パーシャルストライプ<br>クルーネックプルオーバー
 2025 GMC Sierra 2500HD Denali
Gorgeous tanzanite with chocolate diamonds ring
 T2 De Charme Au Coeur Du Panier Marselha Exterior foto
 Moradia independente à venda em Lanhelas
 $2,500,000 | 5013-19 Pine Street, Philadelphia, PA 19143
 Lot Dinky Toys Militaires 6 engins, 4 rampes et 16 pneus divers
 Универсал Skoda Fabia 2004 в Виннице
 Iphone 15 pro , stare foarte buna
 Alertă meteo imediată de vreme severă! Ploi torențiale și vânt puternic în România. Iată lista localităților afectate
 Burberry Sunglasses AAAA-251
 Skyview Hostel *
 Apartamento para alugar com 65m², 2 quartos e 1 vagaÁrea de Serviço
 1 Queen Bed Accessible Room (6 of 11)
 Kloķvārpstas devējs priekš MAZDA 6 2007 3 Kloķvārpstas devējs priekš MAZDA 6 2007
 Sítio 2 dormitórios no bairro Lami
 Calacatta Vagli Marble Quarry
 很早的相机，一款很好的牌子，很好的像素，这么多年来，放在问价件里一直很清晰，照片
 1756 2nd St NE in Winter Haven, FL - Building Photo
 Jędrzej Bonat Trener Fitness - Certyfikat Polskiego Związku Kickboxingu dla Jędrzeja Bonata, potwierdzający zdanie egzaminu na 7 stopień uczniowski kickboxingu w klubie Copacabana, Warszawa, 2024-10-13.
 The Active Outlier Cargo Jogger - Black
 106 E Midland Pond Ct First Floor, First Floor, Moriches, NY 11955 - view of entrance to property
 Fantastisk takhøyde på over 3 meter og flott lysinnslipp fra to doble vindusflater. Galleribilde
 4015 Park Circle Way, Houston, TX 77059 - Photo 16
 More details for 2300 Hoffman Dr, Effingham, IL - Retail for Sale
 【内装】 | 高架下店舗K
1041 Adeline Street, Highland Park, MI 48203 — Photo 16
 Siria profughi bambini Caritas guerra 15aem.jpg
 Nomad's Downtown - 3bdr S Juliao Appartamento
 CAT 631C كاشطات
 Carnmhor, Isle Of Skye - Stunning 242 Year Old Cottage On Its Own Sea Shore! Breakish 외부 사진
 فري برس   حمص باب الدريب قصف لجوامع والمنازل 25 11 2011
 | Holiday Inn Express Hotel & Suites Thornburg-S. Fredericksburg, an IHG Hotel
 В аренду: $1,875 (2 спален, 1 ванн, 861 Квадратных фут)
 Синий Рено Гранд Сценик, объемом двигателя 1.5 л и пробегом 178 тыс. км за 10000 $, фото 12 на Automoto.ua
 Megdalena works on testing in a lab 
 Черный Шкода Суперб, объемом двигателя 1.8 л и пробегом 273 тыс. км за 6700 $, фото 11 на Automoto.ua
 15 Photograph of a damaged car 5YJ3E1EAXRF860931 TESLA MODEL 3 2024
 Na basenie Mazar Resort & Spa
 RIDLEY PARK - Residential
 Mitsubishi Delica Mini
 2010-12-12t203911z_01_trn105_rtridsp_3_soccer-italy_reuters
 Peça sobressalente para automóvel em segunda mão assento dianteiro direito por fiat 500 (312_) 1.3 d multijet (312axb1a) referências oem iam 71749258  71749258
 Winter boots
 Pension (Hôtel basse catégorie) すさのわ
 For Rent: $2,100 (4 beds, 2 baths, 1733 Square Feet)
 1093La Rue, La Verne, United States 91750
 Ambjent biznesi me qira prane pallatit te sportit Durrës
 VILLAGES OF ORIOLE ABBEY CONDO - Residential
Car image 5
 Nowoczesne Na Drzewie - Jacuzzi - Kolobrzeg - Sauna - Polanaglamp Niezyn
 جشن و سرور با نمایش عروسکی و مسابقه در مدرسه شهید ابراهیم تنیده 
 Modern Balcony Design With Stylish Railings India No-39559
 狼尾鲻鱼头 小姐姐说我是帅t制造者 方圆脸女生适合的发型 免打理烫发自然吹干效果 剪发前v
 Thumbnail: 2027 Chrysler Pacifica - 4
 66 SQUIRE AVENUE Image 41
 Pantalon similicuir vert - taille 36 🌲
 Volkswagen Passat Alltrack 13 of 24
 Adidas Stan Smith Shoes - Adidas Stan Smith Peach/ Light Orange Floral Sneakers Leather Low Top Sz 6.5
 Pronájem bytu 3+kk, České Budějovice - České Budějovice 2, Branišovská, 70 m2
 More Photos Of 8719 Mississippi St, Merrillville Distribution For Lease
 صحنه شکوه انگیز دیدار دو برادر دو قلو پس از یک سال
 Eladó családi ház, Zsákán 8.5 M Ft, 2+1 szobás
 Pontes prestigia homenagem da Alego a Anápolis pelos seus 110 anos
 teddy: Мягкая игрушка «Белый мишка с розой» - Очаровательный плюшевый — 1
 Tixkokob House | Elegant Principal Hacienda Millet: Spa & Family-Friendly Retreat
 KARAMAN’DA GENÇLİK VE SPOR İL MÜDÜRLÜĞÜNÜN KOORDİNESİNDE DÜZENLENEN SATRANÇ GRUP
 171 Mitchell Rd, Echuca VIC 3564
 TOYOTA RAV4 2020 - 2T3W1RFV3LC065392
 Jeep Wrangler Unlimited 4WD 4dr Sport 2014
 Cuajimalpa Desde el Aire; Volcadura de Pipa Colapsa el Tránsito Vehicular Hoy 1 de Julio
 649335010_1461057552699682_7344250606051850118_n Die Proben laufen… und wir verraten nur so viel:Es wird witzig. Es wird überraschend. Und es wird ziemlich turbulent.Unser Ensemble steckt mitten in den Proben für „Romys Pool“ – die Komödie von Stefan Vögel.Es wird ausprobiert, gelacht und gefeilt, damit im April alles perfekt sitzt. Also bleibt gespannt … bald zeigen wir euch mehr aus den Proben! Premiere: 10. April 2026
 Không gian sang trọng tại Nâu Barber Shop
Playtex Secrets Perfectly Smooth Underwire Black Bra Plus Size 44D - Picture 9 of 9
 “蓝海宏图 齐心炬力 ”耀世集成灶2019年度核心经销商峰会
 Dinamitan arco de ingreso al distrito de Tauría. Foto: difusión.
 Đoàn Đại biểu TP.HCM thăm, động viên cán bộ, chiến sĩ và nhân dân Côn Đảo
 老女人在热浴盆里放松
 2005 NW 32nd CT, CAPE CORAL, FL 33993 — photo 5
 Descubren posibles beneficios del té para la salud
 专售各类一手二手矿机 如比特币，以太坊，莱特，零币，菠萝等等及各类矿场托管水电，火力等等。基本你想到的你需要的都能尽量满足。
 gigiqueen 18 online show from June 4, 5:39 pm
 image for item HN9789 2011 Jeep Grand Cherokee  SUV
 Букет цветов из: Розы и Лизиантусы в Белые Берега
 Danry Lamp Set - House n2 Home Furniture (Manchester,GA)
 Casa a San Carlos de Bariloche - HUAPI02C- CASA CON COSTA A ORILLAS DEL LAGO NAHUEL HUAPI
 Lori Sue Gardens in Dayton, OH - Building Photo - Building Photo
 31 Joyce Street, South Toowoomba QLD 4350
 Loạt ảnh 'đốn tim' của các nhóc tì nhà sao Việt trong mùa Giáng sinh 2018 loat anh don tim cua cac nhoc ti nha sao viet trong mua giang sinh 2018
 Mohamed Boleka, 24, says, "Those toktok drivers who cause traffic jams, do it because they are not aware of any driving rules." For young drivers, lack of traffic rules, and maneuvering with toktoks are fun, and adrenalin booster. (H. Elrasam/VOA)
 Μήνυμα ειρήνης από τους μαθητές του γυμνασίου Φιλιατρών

- [Task details]: Give back the complete material verbatim.

- [Result of this task]:
パーシャルストライプ<br>クルーネックプルオーバー
 2025 GMC Sierra 2500HD Denali
Gorgeous tanzanite with chocolate diamonds ring
 T2 De Charme Au Coeur Du Panier Marselha Exterior foto
 Moradia independente à venda em Lanhelas
 $2,500,000 | 5013-19 Pine Street, Philadelphia, PA 19143
 Lot Dinky Toys Militaires 6 engins, 4 rampes et 16 pneus divers
 Универсал Skoda Fabia 2004 в Виннице
 Iphone 15 pro , stare foarte buna
 Alertă meteo imediată de vreme severă! Ploi torențiale și vânt puternic în România. Iată lista localităților afectate
 Burberry Sunglasses AAAA-251
 Skyview Hostel *
 Apartamento para alugar com 65m², 2 quartos e 1 vagaÁrea de Serviço
 1 Queen Bed Accessible Room (6 of 11)
 Kloķvārpstas devējs priekš MAZDA 6 2007 3 Kloķvārpstas devējs priekš MAZDA 6 2007
 Sítio 2 dormitórios no bairro Lami
 Calacatta Vagli Marble Quarry
 很早的相机，一款很好的牌子，很好的像素，这么多年来，放在问价件里一直很清晰，照片
 1756 2nd St NE in Winter Haven, FL - Building Photo
 Jędrzej Bonat Trener Fitness - Certyfikat Polskiego Związku Kickboxingu dla Jędrzeja Bonata, potwierdzający zdanie egzaminu na 7 stopień uczniowski kickboxingu w klubie Copacabana, Warszawa, 2024-10-13.
 The Active Outlier Cargo Jogger - Black
 106 E Midland Pond Ct First Floor, First Floor, Moriches, NY 11955 - view of entrance to property
 Fantastisk takhøyde på over 3 meter og flott lysinnslipp fra to doble vindusflater. Galleribilde
 4015 Park Circle Way, Houston, TX 77059 - Photo 16
 More details for 2300 Hoffman Dr, Effingham, IL - Retail for Sale
 【内装】 | 高架下店舗K
1041 Adeline Street, Highland Park, MI 48203 — Photo 16
 Siria profughi bambini Caritas guerra 15aem.jpg
 Nomad's Downtown - 3bdr S Juliao Appartamento
 CAT 631C كاشطات
 Carnmhor, Isle Of Skye - Stunning 242 Year Old Cottage On Its Own Sea Shore! Breakish 외부 사진
 فري برس   حمص باب الدريب قصف لجوامع والمنازل 25 11 2011
 | Holiday Inn Express Hotel & Suites Thornburg-S. Fredericksburg, an IHG Hotel
 В аренду: $1,875 (2 спален, 1 ванн, 861 Квадратных фут)
 Синий Рено Гранд Сценик, объемом двигателя 1.5 л и пробегом 178 тыс. км за 10000 $, фото 12 на Automoto.ua
 Megdalena works on testing in a lab 
 Черный Шкода Суперб, объемом двигателя 1.8 л и пробегом 273 тыс. км за 6700 $, фото 11 на Automoto.ua
 15 Photograph of a damaged car 5YJ3E1EAXRF860931 TESLA MODEL 3 2024
 Na basenie Mazar Resort & Spa
 RIDLEY PARK - Residential
 Mitsubishi Delica Mini
 2010-12-12t203911z_01_trn105_rtridsp_3_soccer-italy_reuters
 Peça sobressalente para automóvel em segunda mão assento dianteiro direito por fiat 500 (312_) 1.3 d multijet (312axb1a) referências oem iam 71749258  71749258
 Winter boots
 Pension (Hôtel basse catégorie) すさのわ
 For Rent: $2,100 (4 beds, 2 baths, 1733 Square Feet)
 1093La Rue, La Verne, United States 91750
 Ambjent biznesi me qira prane pallatit te sportit Durrës
 VILLAGES OF ORIOLE ABBEY CONDO - Residential
Car image 5
 Nowoczesne Na Drzewie - Jacuzzi - Kolobrzeg - Sauna - Polanaglamp Niezyn
 جشن و سرور با نمایش عروسکی و مسابقه در مدرسه شهید ابراهیم تنیده 
 Modern Balcony Design With Stylish Railings India No-39559
 狼尾鲻鱼头 小姐姐说我是帅t制造者 方圆脸女生适合的发型 免打理烫发自然吹干效果 剪发前v
 Thumbnail: 2027 Chrysler Pacifica - 4
 66 SQUIRE AVENUE Image 41
 Pantalon similicuir vert - taille 36 🌲
 Volkswagen Passat Alltrack 13 of 24
 Adidas Stan Smith Shoes - Adidas Stan Smith Peach/ Light Orange Floral Sneakers Leather Low Top Sz 6.5
 Pronájem bytu 3+kk, České Budějovice - České Budějovice 2, Branišovská, 70 m2
 More Photos Of 8719 Mississippi St, Merrillville Distribution For Lease
 صحنه شکوه انگیز دیدار دو برادر دو قلو پس از یک سال
 Eladó családi ház, Zsákán 8.5 M Ft, 2+1 szobás
 Pontes prestigia homenagem da Alego a Anápolis pelos seus 110 anos
 teddy: Мягкая игрушка «Белый мишка с розой» - Очаровательный плюшевый — 1
 Tixkokob House | Elegant Principal Hacienda Millet: Spa & Family-Friendly Retreat
 KARAMAN’DA GENÇLİK VE SPOR İL MÜDÜRLÜĞÜNÜN KOORDİNESİNDE DÜZENLENEN SATRANÇ GRUP
 171 Mitchell Rd, Echuca VIC 3564
 TOYOTA RAV4 2020 - 2T3W1RFV3LC065392
 Jeep Wrangler Unlimited 4WD 4dr Sport 2014
 Cuajimalpa Desde el Aire; Volcadura de Pipa Colapsa el Tránsito Vehicular Hoy 1 de Julio
 649335010_1461057552699682_7344250606051850118_n Die Proben laufen… und wir verraten nur so viel:Es wird witzig. Es wird überraschend. Und es wird ziemlich turbulent.Unser Ensemble steckt mitten in den Proben für „Romys Pool“ – die Komödie von Stefan Vögel.Es wird ausprobiert, gelacht und gefeilt, damit im April alles perfekt sitzt. Also bleibt gespannt … bald zeigen wir euch mehr aus den Proben! Premiere: 10. April 2026
 Không gian sang trọng tại Nâu Barber Shop
Playtex Secrets Perfectly Smooth Underwire Black Bra Plus Size 44D - Picture 9 of 9
 “蓝海宏图 齐心炬力 ”耀世集成灶2019年度核心经销商峰会
 Dinamitan arco de ingreso al distrito de Tauría. Foto: difusión.
 Đoàn Đại biểu TP.HCM thăm, động viên cán bộ, chiến sĩ và nhân dân Côn Đảo
 老女人在热浴盆里放松
 2005 NW 32nd CT, CAPE CORAL, FL 33993 — photo 5
 Descubren posibles beneficios del té para la salud
 专售各类一手二手矿机 如比特币，以太坊，莱特，零币，菠萝等等及各类矿场托管水电，火力等等。基本你想到的你需要的都能尽量满足。
 gigiqueen 18 online show from June 4, 5:39 pm
 image for item HN9789 2011 Jeep Grand Cherokee  SUV
 Букет цветов из: Розы и Лизиантусы в Белые Берега
 Danry Lamp Set - House n2 Home Furniture (Manchester,GA)
 Casa a San Carlos de Bariloche - HUAPI02C- CASA CON COSTA A ORILLAS DEL LAGO NAHUEL HUAPI
 Lori Sue Gardens in Dayton, OH - Building Photo - Building Photo
 31 Joyce Street, South Toowoomba QLD 4350
 Loạt ảnh 'đốn tim' của các nhóc tì nhà sao Việt trong mùa Giáng sinh 2018 loat anh don tim cua cac nhoc ti nha sao viet trong mua giang sinh 2018
 Mohamed Boleka, 24, says, "Those toktok drivers who cause traffic jams, do it because they are not aware of any driving rules." For young drivers, lack of traffic rules, and maneuvering with toktoks are fun, and adrenalin booster. (H. Elrasam/VOA)
 Μήνυμα ειρήνης από τους μαθητές του γυμνασίου Φιλιατρών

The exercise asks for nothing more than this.